Since VoiceOver is so deeply integrated into the Mac's operating system, everything but the initial boot process is fully accessible. This includes setting up your new Mac, installing operating system updates and patches, accessing recovery mode, and other areas where Windows is not able to speak.
As long as I can remember, Windows screen readers have done really odd things. Freezing up, reading random image numbers, losing focus, sometimes reading more or less information than usual, and so on. In the case of Jaws, any system modification (such as adding RAM or installing a new version of Windows) would force you to re-authorize Jaws. Two modifications, and you had to get ahold of Freedom Scientific and ask them to reset your authorization count before you could use the full version of Jaws again. Yes, screen readers like NVDA don't have authorization problems, but they can still exhibit very odd behavior.

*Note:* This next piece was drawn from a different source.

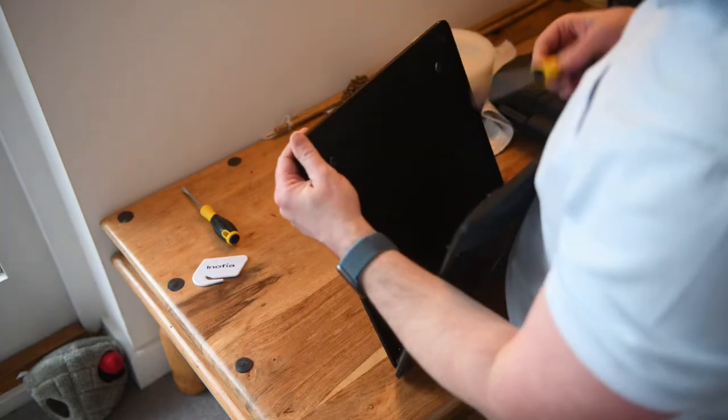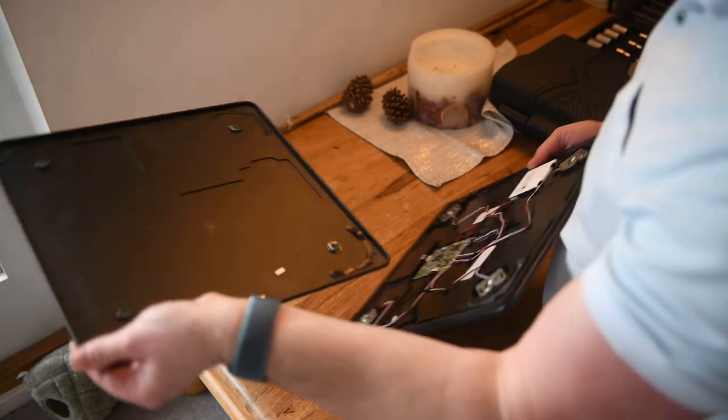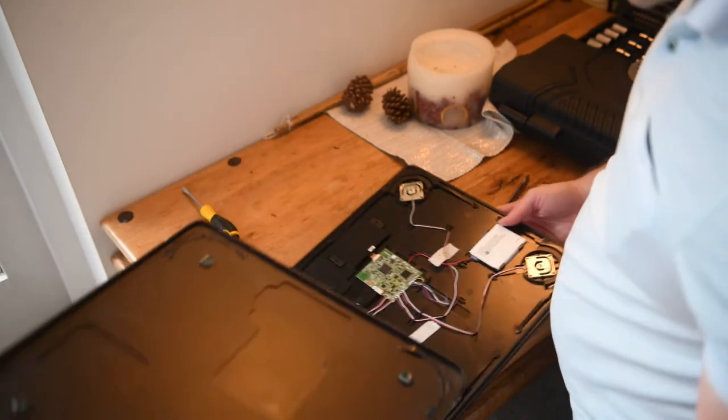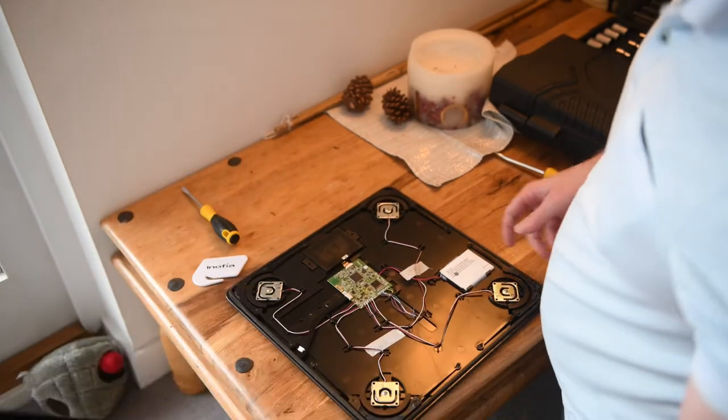There we go. All right, so that was basically from nothing. There you go.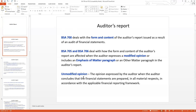The auditor's report in Bangladesh's Standard of Auditing has been defined in the form and content of the audit report. The auditory opinion deals with how the form and content of the auditor's report are affected when the auditor expresses a modified opinion, or includes an emphasis of matter paragraph or an other matter paragraph in the auditor's report.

Is Voiceover perfect? No, of course not. However, I experience far less oddities with it than I did with NVDA or Jaws. When something strange does happen, it is usually a setting I changed and not Voiceover misbehaving. Yes, some apps have trouble with VoiceOver, most notably Xcode, but in general I find VoiceOver to be more stable and predictable than anything on Windows. It helps that OSX runs more smoothly than Windows, and that when a program locks up, the entire computer is not affected. If, for example, Firefox freezes on Windows, I cannot do anything with the machine until it eventually un-freezes or lets me open Task Manager, Through all that, of course, NVDA is silent. When an app freezes on the Mac, VoiceOver tells me the app is "busy", but I can use the rest of the Mac with no problems at all. It is very, very rare for my entire computer to lock up on me--in fact, I cannot remember the last time it happened.
NOTE: my comment about Xcode may lead some to think that VoiceOver is not well supported by Xcode. On the contrary, the two work together well. However, when VoiceOver is running, newer versions of Xcode can sometimes slow down. Such decreases in performance are not seen when Voiceover is disabled.
Apple's implementation of braille support isn't perfect, but it is good. The best feature is the automatic support for over forty displays right out of the box. I have never been able to get my BrailleNote Apex to work with Jaws or NVDA, yet it worked immediately on my Mac the first time I tried it. I can also easily customize the braille key assignments, getting rid of ones I never use and replacing them with commands I need. There is no need to find and fight with special drivers, restart your screen reader, find the proper com port, virtualize any ports, or anything else I've had to try in Windows over the years. Instead, the process is easy, fast, and, in my experience, reliable.
OSX has offered Realspeak voices from Nuance since OS10.7 Lion. It seems that, with each major OSX update, new or improved voices are offered; Mavericks brought us the latest "expressive" voices, including Oliver, Ava, and others. They sound great, and they are system-wide. That means that any app that can use text to speech can use them.